Got mine in today along with my split tail mullet...just in time for our four day trip starting tomorrow. They look great! Seriously people, Tidal Surge has the best quality soft plastics ive seen. No air bubbles, crooked BS, great price (25 tails for under $10) and made in USA by good people. Thanks Shawn

http://www.fishingscout.com/anglers/SmackDaddy


----------



## CaptainHebert (Jun 14, 2004)

Smackdaddy53 said:


> Got mine in today along with my split tail mullet...just in time for our four day trip starting tomorrow. They look great! Seriously people, Tidal Surge has the best quality soft plastics ive seen. No air bubbles, crooked BS, great price (25 tails for under $10) and made in USA by good people. Thanks Shawn
> 
> http://www.fishingscout.com/anglers/SmackDaddy


Thanks!! We try hard.


----------



## blackmagic (May 13, 2011)

Smackdaddy53 said:


> Got mine in today along with my split tail mullet...just in time for our four day trip starting tomorrow. They look great! Seriously people, Tidal Surge has the best quality soft plastics ive seen. No air bubbles, crooked BS, great price (25 tails for under $10) and made in USA by good people. Thanks Shawn
> 
> http://www.fishingscout.com/anglers/SmackDaddy


 X2, and best of all tough as nails.


----------



## V-Bottom (Jun 16, 2007)

Looks like the Maniac Mullet in Pink and Glow/Chart are the thing!! way to go....gotta try one


----------



## Finney Bay (Jun 25, 2010)

"The Thing" entices even these guys, would have never guessed it. Caught a handful of Specks and a couple Flounder with it too. I like the drag of the lure, Thanks Tidal Surge.


----------



## Smackdaddy53 (Nov 4, 2011)

Posted this on the other thread...caught a few nice reds and some rats on the pink "thing" this weekend








http://www.fishingscout.com/anglers/SmackDaddy


----------



## Don Smith (Nov 24, 2007)

CaptainHebert said:


> Over $50 is always free. Think that's how it's set up. Up to that Is $5. I'm out in boat now just add to your cart and it will tell you.


Just put in order over $50 and it still added in shipping.


----------



## CaptainHebert (Jun 14, 2004)

Floatin Doc said:


> Just put in order over $50 and it still added in shipping.

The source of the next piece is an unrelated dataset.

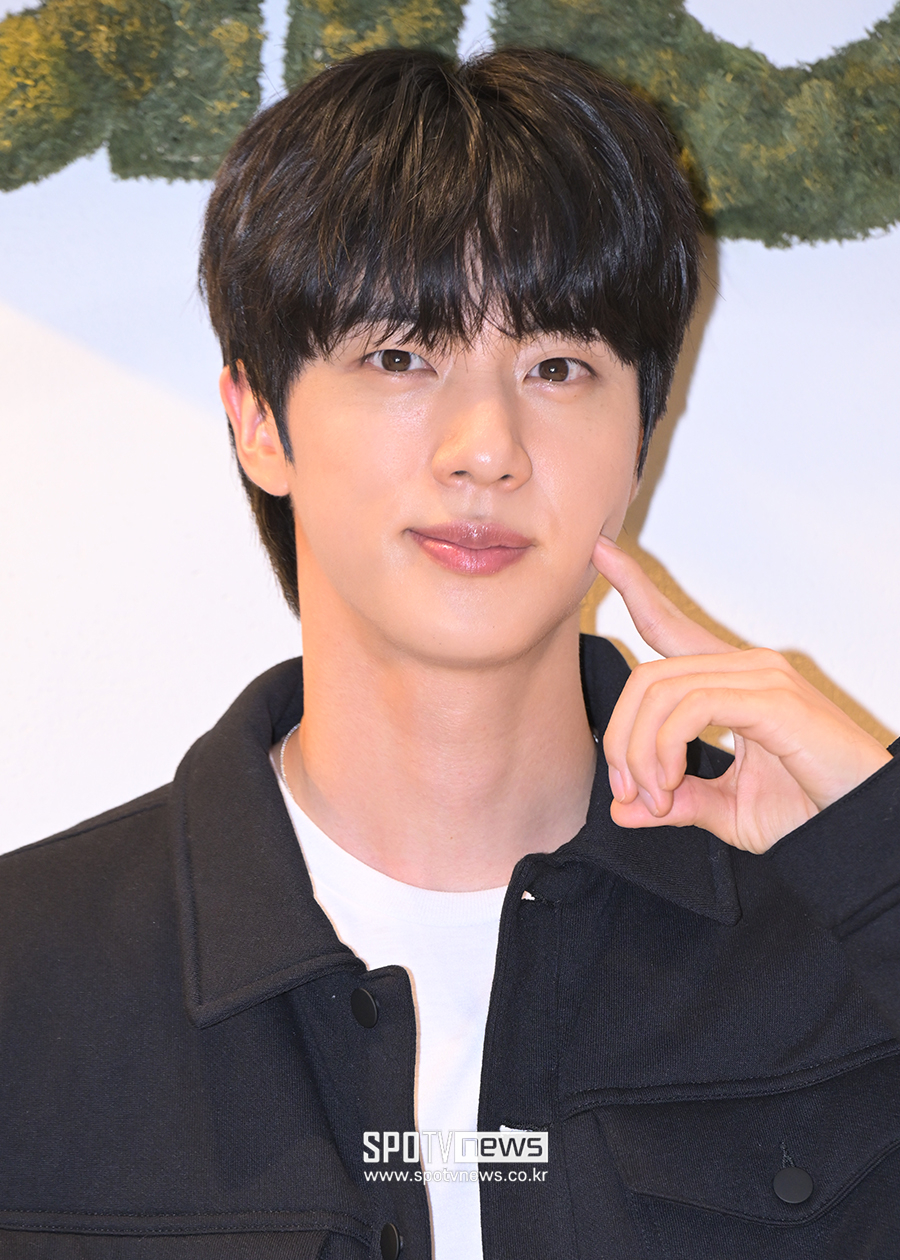 [포토S] 방탄소년단 진, '볼 콕~'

I was at computer when you ordered. I went in and changed it. I thought that is how it was. Guess I was wrong. I will throw you in a extra bag. Thanks for letting me know.


----------



## CaptainHebert (Jun 14, 2004)

Floatin Doc said:


> Just put in order over $50 and it still added in shipping.


Thats why I said I think. I was fishing when I posted that so I was not sure. Sorry for the bad info. Too much to remember.


----------



## omgidk (Nov 5, 2010)

CaptainHebert said:


> I was at computer when you ordered. I went in and changed it. I thought that is how it was. Guess I was wrong. I will throw you in a extra bag. Thanks for letting me know.

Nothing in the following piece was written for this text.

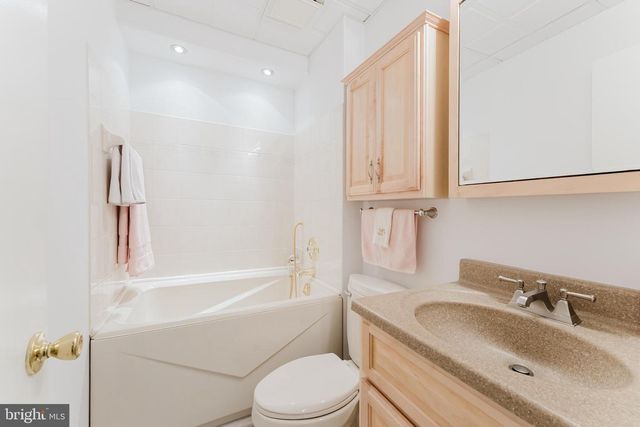 4319 FARM HOUSE LN, Fairfax, VA 22032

That ladies and gentlemen is customer service at its best. Keep doing what you do Captain, you guys always get my business.


----------



## Don Smith (Nov 24, 2007)

Always had great service from Capt Hebert and I've got to where all I fish with are his lures. Great product and great service. Good combination.


----------



## Cobrah (Jul 21, 2012)

I picked up a pack from marburgers, gonna try these guys this week on some trout


----------